I always understand math ideas better when I see them applied in different areas. I hope that this article provided a context that you can take with you in your teaching. For more concrete resources – problems, student activities, links to extensions, see below. 

Learn more

One of my goals for this blog is to provide resources for teachers who want to learn more. Check out the topics below. Will you need these ideas in the day-to-day of teaching? It’s unlikely. But the more you know, the better you will be able to guide your aspiring STEM students, and field questions like, “When will I ever need this?”.
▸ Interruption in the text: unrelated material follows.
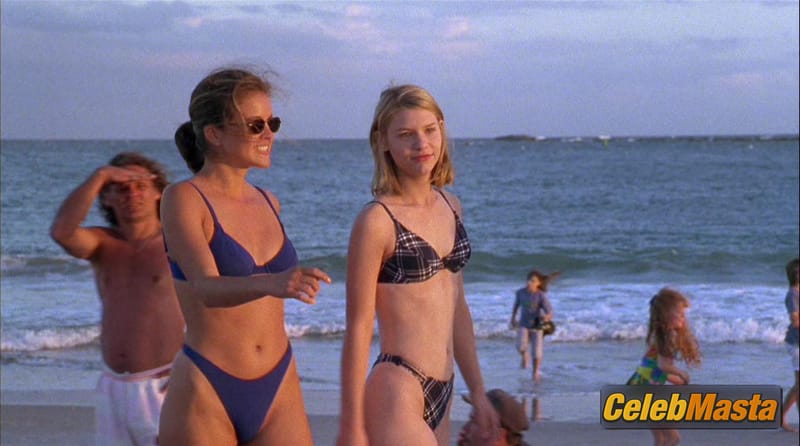 Claire Danes Photo Set from To Gillian On Her 37th Birthday photo 2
  • When a computer scientist says recursion they mean a specific programming technique where a function repeatedly calls itself. It’s fundamental to the field of software engineering.  In fact, one of the first coding exercises that every single undergrad computer science student must complete is to write a computer program which computes the factorial of a number using recursion
  • Mathematical induction is a method of proof built on recursion. In this instance, recursion is a problem solving tool – you don’t get an undergrad degree in math without solving at least a few problems by induction. It’s typically one of the first techniques a student learns in a course on logic and proofs. 
  • Discrete time dynamical systems are used by engineers to model real world systems. These models are built via recursive rules which govern how the system changes from one point in time to the next. 
  • In artificial intelligence, decision making is often done using recursive routines. See Reinforcement Learning, Dynamic Programming, and Bellman’s equation.
  • I mentioned counting the number of operations an algorithm computes to run. This is called the time complexity. What I didn’t mention is the trade off with memory. To compute via recursion, the computer needs to store previous answers in memory. Depending on the application, storing things in memory can really slow down the computation, and actually be slower than re-computing the solution for each iteration. There is a trade-off between memory and time.